Ludique, pédagogique et communautaire
mai 1999
Denise Pelletier
LA BAIE(DP) - Comme cela se produit souvent en création, c'est à la fois la volonté et le hasard qui ont conduit Jean-Jules Soucy à devenir un artiste. Sans doute que l'esprit critique, l'humour, l'ironie, le sens de la formule percutante, la profondeur de la pensée, lui sont venus à la naissance ou dans sa jeunesse. Mais il se dirigeait plutôt vers l'enseignement des arts, après avoir obtenu son bac de l'UQAC.

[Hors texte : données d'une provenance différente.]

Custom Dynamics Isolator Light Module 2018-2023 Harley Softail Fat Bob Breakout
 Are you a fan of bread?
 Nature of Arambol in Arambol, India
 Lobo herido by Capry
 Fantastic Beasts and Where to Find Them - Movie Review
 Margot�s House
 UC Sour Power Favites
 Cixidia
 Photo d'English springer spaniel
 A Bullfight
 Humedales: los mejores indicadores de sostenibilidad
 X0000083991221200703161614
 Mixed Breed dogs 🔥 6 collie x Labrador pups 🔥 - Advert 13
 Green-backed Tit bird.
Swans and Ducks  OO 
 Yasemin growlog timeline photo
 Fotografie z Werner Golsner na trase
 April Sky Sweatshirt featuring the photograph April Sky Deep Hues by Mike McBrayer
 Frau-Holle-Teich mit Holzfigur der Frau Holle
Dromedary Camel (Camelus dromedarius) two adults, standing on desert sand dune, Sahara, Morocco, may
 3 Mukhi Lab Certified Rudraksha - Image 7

Il a effectivement enseigné, d'abord sur la Côte-Nord, puis comme chargé de cours à l'UQAC. Quand les chargés de cours ont formé un syndicat, sa tâche d'enseignement a progressivement diminué parce qu'il avait moins d'ancienneté que les autres. Il s'est donc orienté vers du travail personnel, et depuis, il a toujours réalisé des oeuvres percutantes, qui, sous des dehors joyeux et amusants, suscitent de vraies questions sur l'art, la société, l'environnement. Comme ce «Vol de canards», où les visiteurs étaient invités à «voler» un des innombrables canards de papier qu'il avait fabriqués. Les titres de ses oeuvres et installations sont toujours amusants et ludiques, par exemple «Les grandes moppes canadiennes», «Soucy financier», «Le Festival de cannes», «Biodâme».
Son oeuvre la plus connue est sans doute le «Tapis stressé», fabriqué à partir de milliers de contenants en carton. D'abord montrée au Musée du Fjord, la pièce fut ensuite présentée près du Palais municipal à La Baie, puis, remaniée et intitulée «L'Oeuvre pinte», au musée d'art contemporain de Montréal.
Souc(y) pédagogique
Jean-Jules Soucy se préoccupe toujours de l'aspect communautaire et pédagogique de ses créations: il s'agit là peut-être peut-être d'un «souci» hérité de ses années d'enseignement. Dans le cas de la Restauration des Ha!Ha!, un comité pédagogique a réalisé un imposant cahier d'exercices de mathématiques et de français inspirés par les différents aspects du Monument Art de l'An 2000, pour les élèves de niveau primaire, secondaire et collégial, ce qui réjouit beaucoup l'artiste.
Actuellement, par ailleurs, les visiteurs et les écoliers défilent chaque jour dans son atelier: on leur prodigue des explications et on leur présente un court vidéo sur l'oeuvre en cours d'élaboration. Enfin, toujours dans la veine pédagogique et communautaire, Jean-Jules Soucy a demandé à plusieurs personnes de son entourage, et à d'autres choisies au hasard, de «colorier» à leur goût des motifs hexagonaux, ce qui produit des ensembles décoratifs très variés, dans lesquels on peut distinguer des formes géométriques, végétales, animales ou autres.
Soutien financier
Jean-Jules Soucy a toujours obtenu le soutien de sa communauté pour ses projets. Dans le cas du Monument Art, ce soutien est tout à fait extraordinaire, qu'il vienne de la communauté baieriveraine, des citoyens et des entreprises du Saguenay ou des gouvernements. Ainsi, la Corporation de la Restauration des Ha!Ha! accomplit un travail colossal de recherche de soutien financier et de travaux en tous genres, nous dit son président Michel Bouchard.
L'échéancier prévu à l'origine a été quelque peu modifié: le premier élément mis en place sera l'immense pyramide d'aluminium formée par des panneaux réfléchissants de type «cédez». La construction a été confiée à la firme CLD Construction de Jonquière, et les fondations de la pyramide, en béton, seront probablement coulées au cours de l'été qui vient.
Progressivement au cours de l'automne, les éléments de la structure principale seront mis en place. On offre toujours au public d'acheter les pointes d'humour la constituant, afin d'avoir leur nom inscrit sur l'oeuvre. L'objectif de vendre 12 500 de ces 30 000 pointes, d'ici au tirage du 11 juin, sera sûrement atteint, sinon dépassé, affirme Michel Bouchard.
Par ailleurs, des commanditaires majeurs de la région, comme Alcan et Abitibi Consol, ont accepté de contribuer au projet, les gouvernements ont accordé des subventions, d'autres demandes ont été faites et les entreprises de l'extérieur de la région sont actuellement sollicitées, précise Michel Bouchard. Le coût total du projet est évalué à 2.5 millions.
Lors de la première fête d'inauguration, qui soulignera le passage à l'an 2000 le 31 décembre 1999, c'est donc la pyramide qui sera visible et terminée, et les travaux d'aménagement du lit de la rivière Ha!Ha! commenceront au printemps de l'an 2000 pour être terminés en 2001.